But for now, I just identify with the simple term “sex positive.” It's a compact term that contains a lot of information. While to me the term means a lot, I do get a lot of blank looks when I use it.
When I say it in conversation, I hear a lot of, “Sex-positive — who doesn't love sex?”
I inevitably have to clarify that in this context, positivity and enthusiasm are not the same things. The term is an attempt to address the individual and social place of sex and sexual identity. Sex-positivity boils down to the view that sex is a healthy and necessary part of human existence. It's about acceptance and inclusion of the ways individuals choose to express themselves sexually.

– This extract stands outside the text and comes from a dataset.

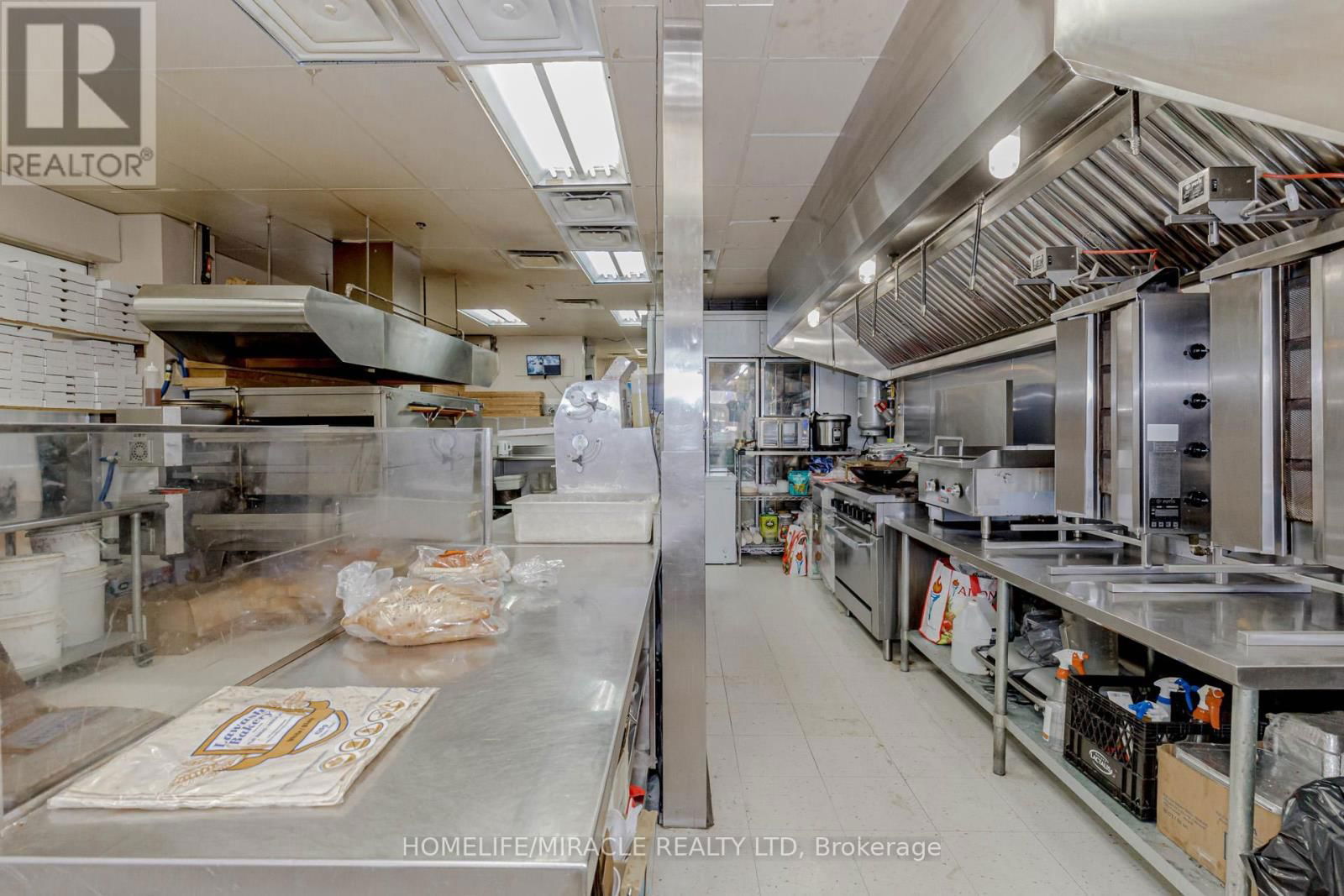 23 - 128 QUEEN STREET SOUTH Image 25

But to really understand the term sex-positive, it needs to be contextualized in the history of sexual characterization. Historically, sex has been pathologized in our culture, treated as something dirty and harmful. Moral authorities throughout Western history have shaped how we as a society view sex, labeling it as sinful and indecent. In the 19th century, science was invoked to shift the connotations of sex to something more pathological. This process imparted false, negative associations between sex, disease and other physiological and psychological afflictions. These ingrained connotations still resonate in how our society approaches the social and personal place of sex today.
This is impounded by structures in place that define what is “normal” and “acceptable” sex, and what is degenerative and wrong. For example, the distinction that sex for procreative purposes is valid and acceptable, but sex for pleasure is “unnatural” and “sinful,” or that sex between certain combinations of individuals is natural, while others are unnatural. (If you're interested in a more in-depth analysis of this history, Michel Foucault's “History of Sexuality Vol. I” offers a great breakdown)
All these things contribute to an overarching sex-negativity that is prevalent in our culture. It can be found in the language used around sex, the framing of news stories around issues involving sex, the way we teach about sex and how we approach the political dimension of sex.
Sex-positivity is a counter-perspective that attempts to disentangle sex from associations of morality and pathology. It's a disowning of this belief that sex is inherently dirty, shameful and/or wrong. Instead, sex is an inherent and natural part of human identity, and no expression of sex and sexuality is more valid than any other. Sex-positivity is about celebrating sexual diversity.
As a sex-positivist…
I believe in being inclusive of all expressions of and approaches to sexuality. As long as it involves consensual participation of adults and causes no psychological or physical harm to the participants, all sexual expressions are equally legitimate. This includes kinks and non-monogamous identifications. Also, no one sexual identification is better or more “normal” than any other. This includes accepting the sexual expression of all races, genders, classes, orientation, ability, age without preconceptions or discrimination.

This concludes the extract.